Anesthésie mosco ' vite !

Kritix, le Monday 4 November 2002 - 4482 consultations - Commenter la chronique

Dans son adresse télévisée de samedi 26/10/2002, le président Poutine a qualifié les preneurs d'otages d'"ordures", tout en jugeant que la fermeté des autorités avait "prouvé qu'on ne peut pas mettre la Russie à genoux". La présidence russe a annoncé dimanche 27/10/2002 une journée de deuil national pour lundi 28/10/2002. Vladimir Poutine a affiché une image d'intransigeance face aux preneurs d'otages, et pour l'instant sa popularité en sort grandie, selon un expert. "La catastrophe menaçait Poutine en tant que dirigeant, et elle n'a pas eu lieu. Le président accumule donc du capital politique", a estimé le sociologue Alexeï Levinson. Seul le sociologue Lev Goutkov juge que les autorités se sont conduites "de façon cruelle et irresponsable". Quant au politologue Vladimir Pribylovski, il constate que "les autorités traitent mal notre peuple, mais c'est parce que le peuple lui-même n'accorde pas beaucoup de valeur à la vie, l'important c'est l'homme fort".Le succès relatif de l'opération devrait conduire à un durcissement de la position de Moscou sur le conflit tchétchène.

La Russie rendait ainsi hommage lundi aux 117 victimes de la prise d'otages de Moscou, soulagée par le dénouement rapide du drame, mais inquiète des faiblesses que cette opération spectaculaire menée par un commando d'indépendantistes tchétchènes a révélées. Le président Vladimir Poutine a déclaré que la Russie prendrait des "mesures adéquates" contre les terroristes "où qu'ils se trouvent", soulignant que "le terrorisme international" devenait "de plus en plus audacieux" et menaçait "d'employer des moyens comparables aux armes de destruction massive"."La Russie ne fera aucune concession aux terroristes, et ne cédera jamais au chantage", a-t-il ajouté, se plaçant sur le même terrain que le président George W. Bush après les attentats du 11 septembre. Dans un tel contexte, l'offre du président indépendantiste tchétchène Aslan Maskhadov de négocier sans conditions avec Moscou pour trouver une solution politique en Tchétchénie est purement et simplement rejetée.

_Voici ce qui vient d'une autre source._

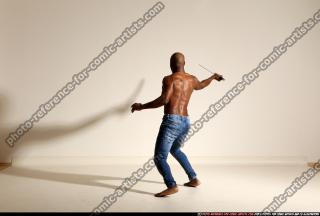 smax-eduardo-katana-slash-pose2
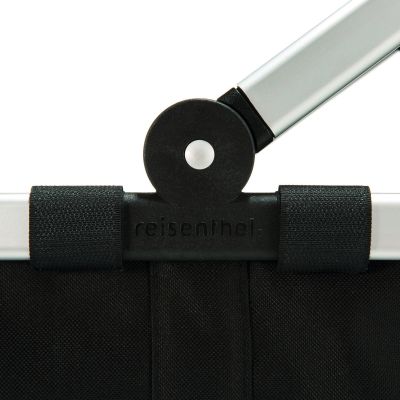 Detailaufnahme des Gelenks und Aluminiumgriffs eines Reisenthel Einkaufskorbs
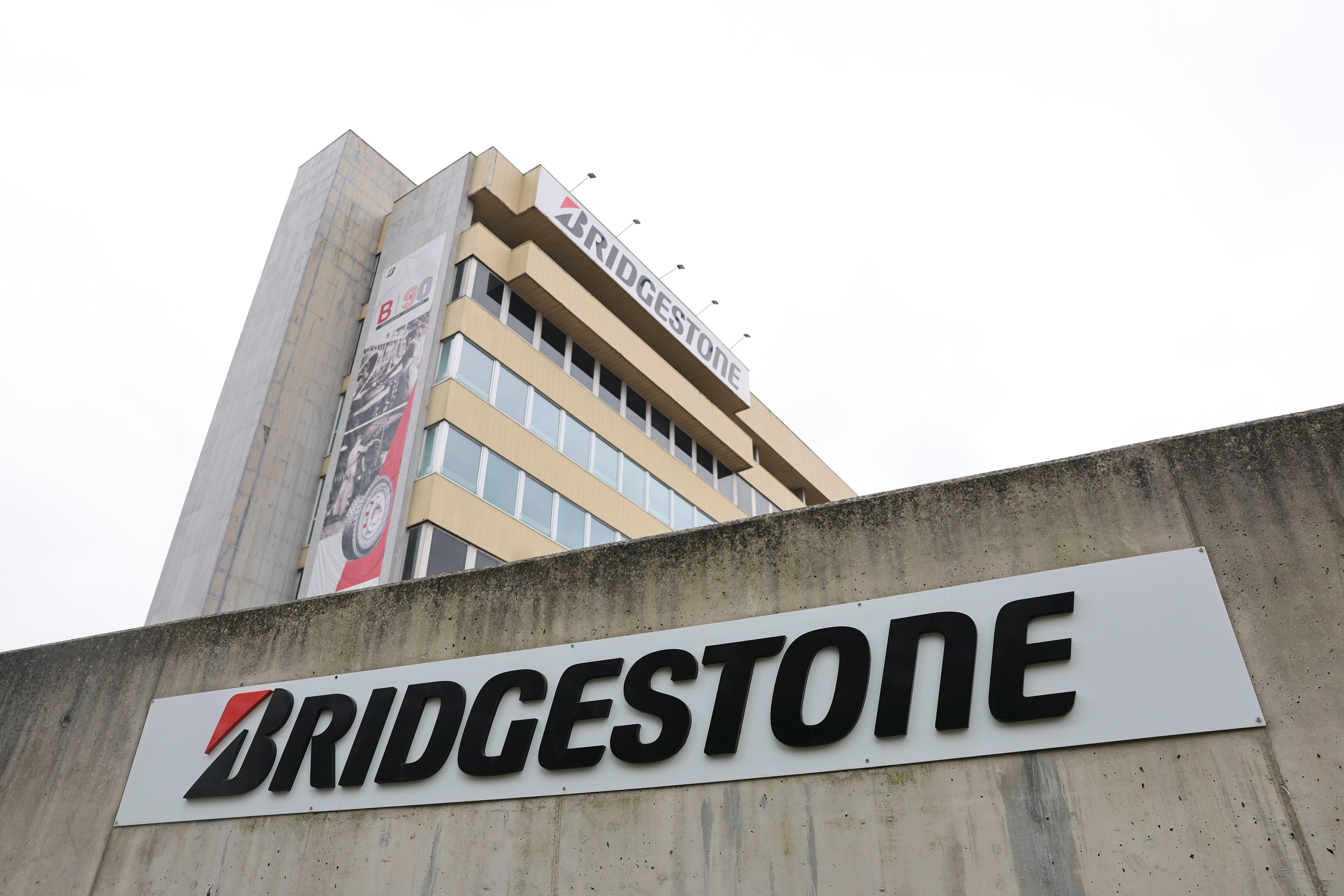 GRAFCAV6439. BASAURI. (BIZKAIA), 24/04/2025.-Planta de Bridgestone en Basauri, donde hay una reunión este jueves con el comité en rechazo al ERE.EFE/Luis Tejido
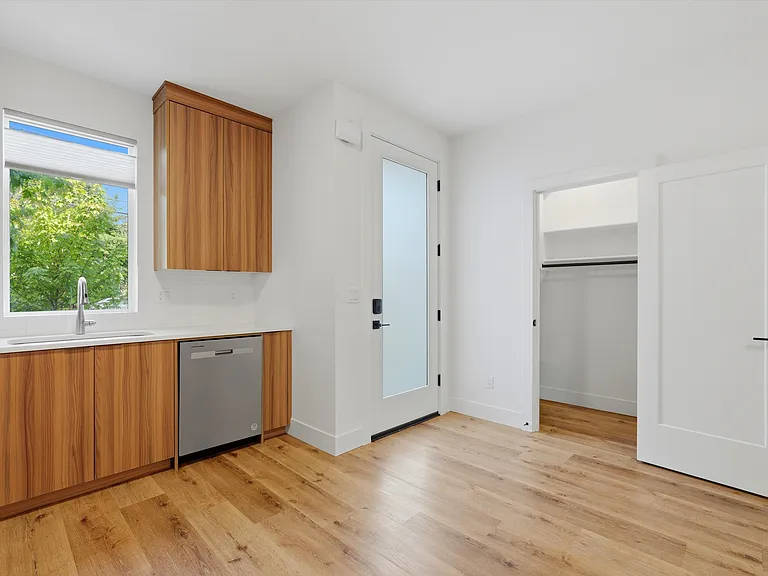 5221 N Maryland Ave — Photo 7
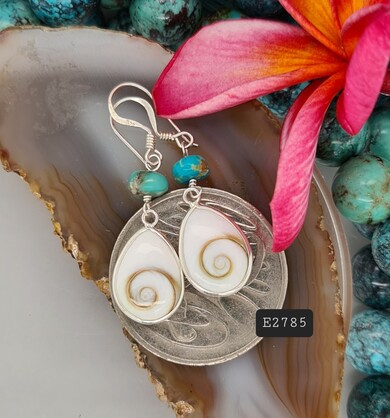 Shiva Shell Large with Turquoise Bead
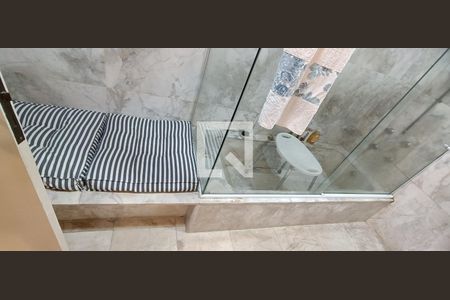 Casa para alugar com 368m², 4 quartos e 4 vagas Casa para alugar com 368m², 4 quartos e 4 vagasBanheiro da Suíte 2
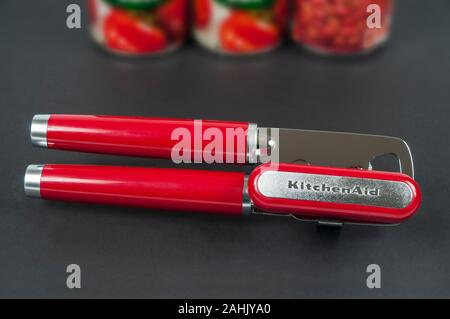 Un Red-Handled KitchenAid manuel peut et ouvre-bouteille. Banque D'Images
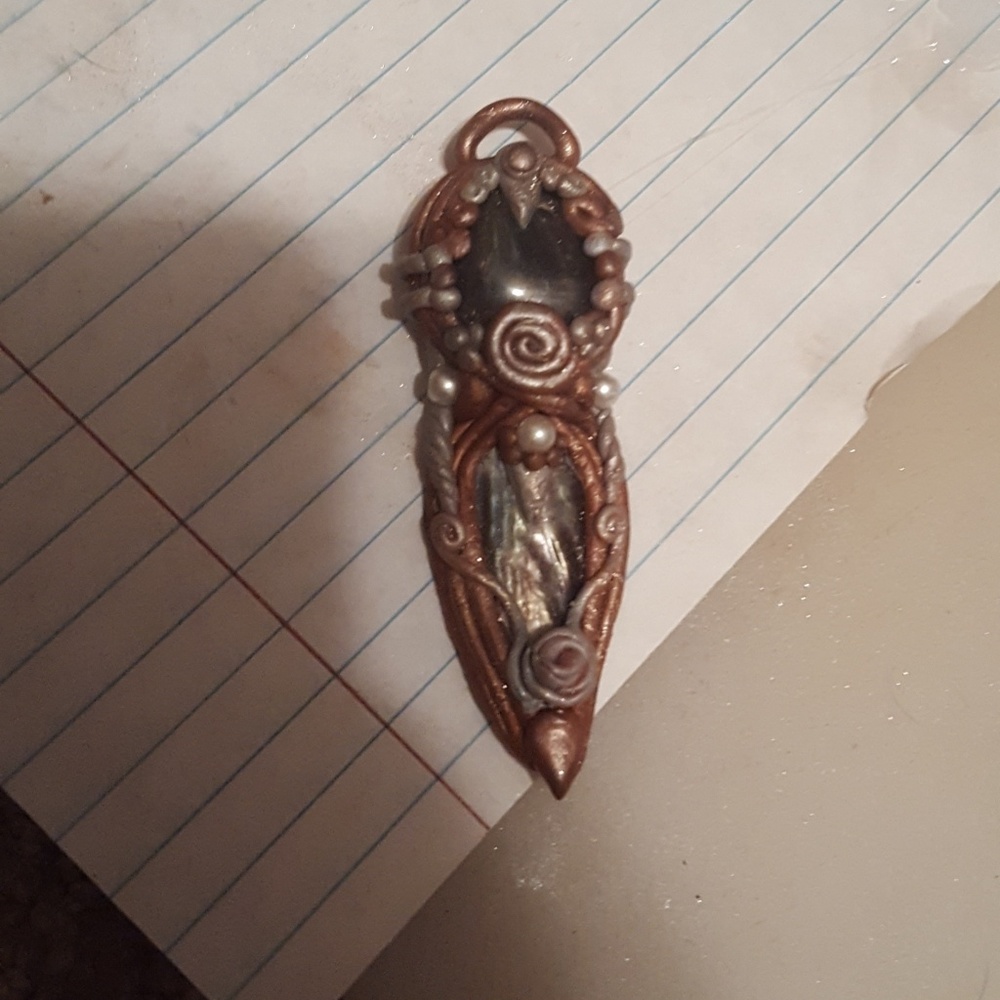 Crystal pendant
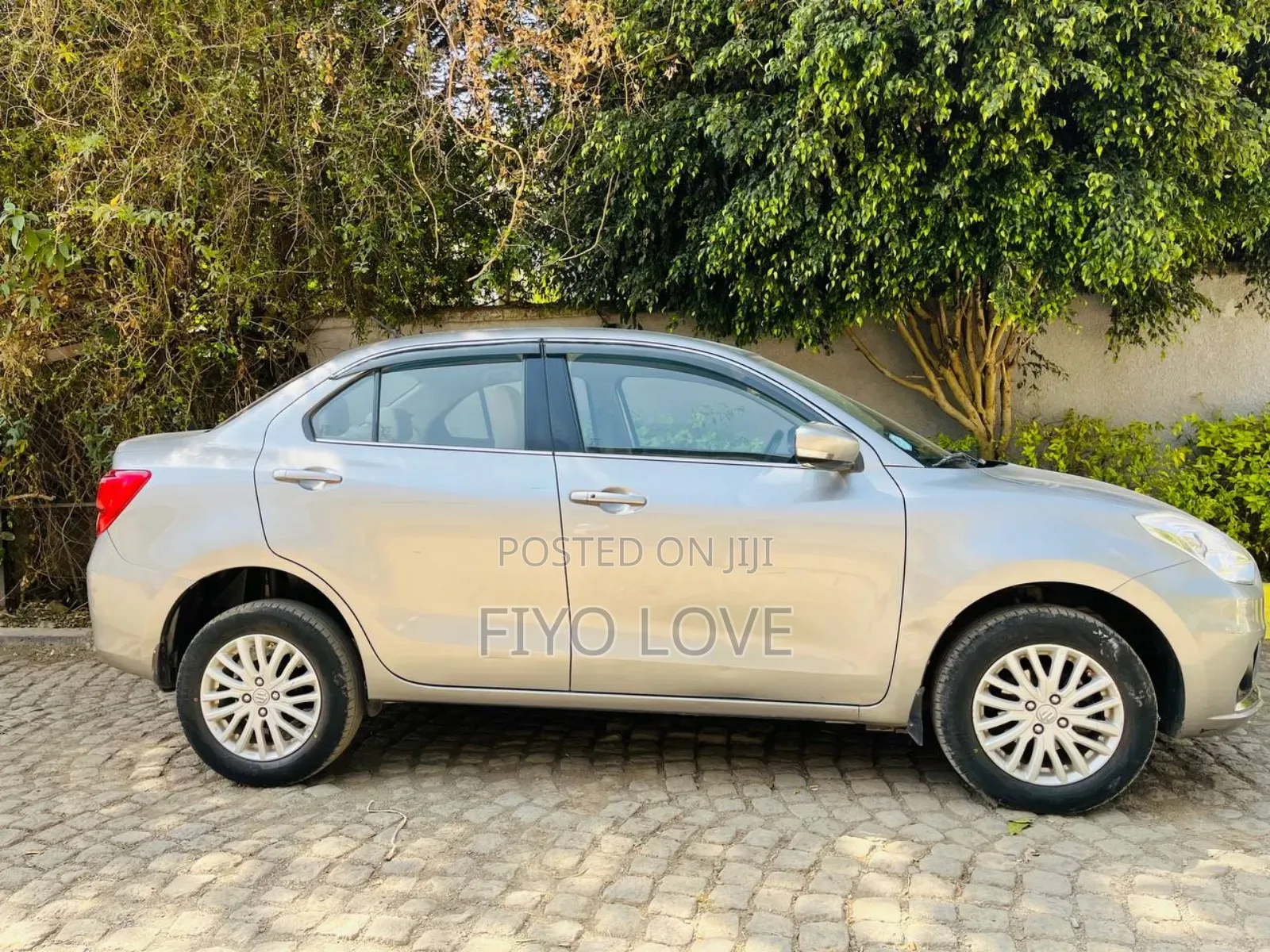 Suzuki Dzire 2022 Silver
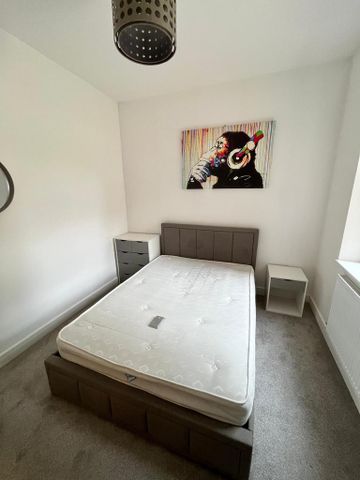 2 bedroom flat to rent - Photo 3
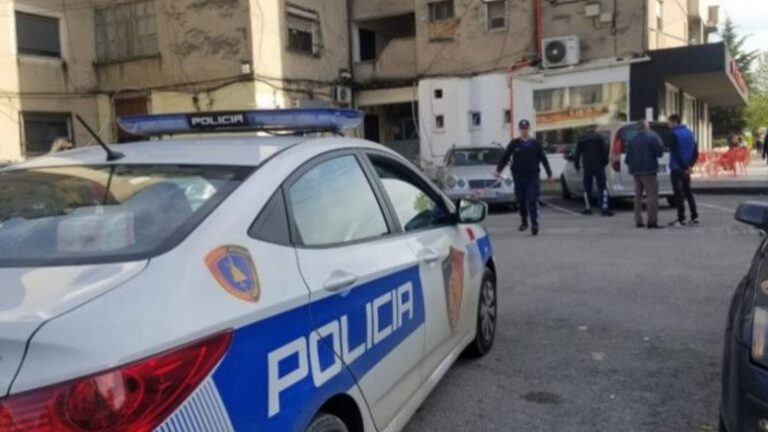 Dy vëllezër marrin peng një të mitur në Berat, dyshonin se u vodhi paratë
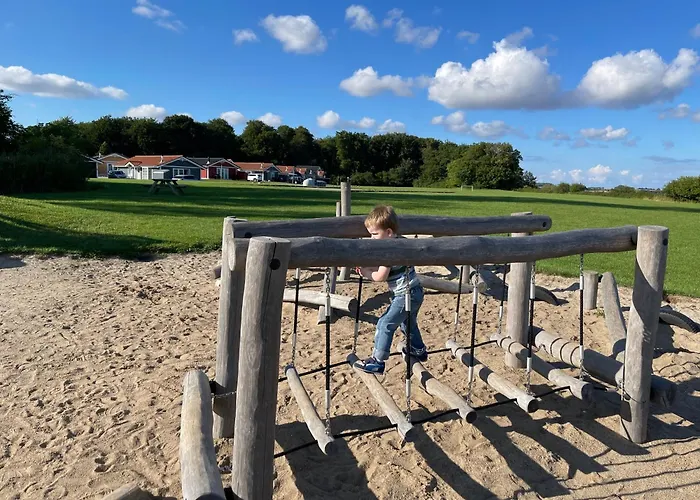 Enjoy Resorts Marina Fiskenaes - Wellness & Waterpark Grasten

Dans tout le pays, les drapeaux ont été mis en berne alors que le gouvernement et les écoliers ont observé une minute de silence en hommage aux victimes pour lesquelles Vladimir Poutine a demandé pardon à la nation. Les télévisions et les radios ont renoncé à la publicité et les programmes de variétés ont été supprimés. Sur les lieux de la prise d'otages, un théâtre du sud-est de Moscou où se jouait la comédie musicale à succès Nord-Ost, les Moscovites ont déposé des bouquets de fleurs et allumé des bougies. Un office des morts a été célébré par le Patriarche orthodoxe de Moscou et de toutes les Russies, Alexis II. Cent dix-sept otages sont décédés, dont 115 en raison de l'inhalation d'un gaz incapacitant utilisé par les forces spéciales russes lors de l'assaut donné le samedi à l'aube pour mettre fin à la prise d'otages de quelque 800 personnes. 405 ex-otages sont toujours hospitalisés, dont 45 dans un état grave. Une quarantaine de familles sont sans nouvelles de leurs proches. La presse russe et les hommes politiques, à l'exception du parti communiste, se sont pourtant abstenus de critiquer l'assaut des forces spéciales."Nous avons montré au monde entier et aux bandits que nous avons d'autres réponses que des négociations lâches avec les terroristes et une satisfaction honteuse de leurs exigences", écrit le quotidien Vremia Novosteï (libéral)."Nous avons vécu une tragédie mais cela aurait pu être bien pire", ajoute-t-il. Kommersant (libéral) est l'un des rares quotidiens à mettre en cause l'utilisation d'un gaz incapacitant dont la composition demeure un mystère, accusant les services de sécurité (FSB) de s'être livrés "à une expérience sur les otages".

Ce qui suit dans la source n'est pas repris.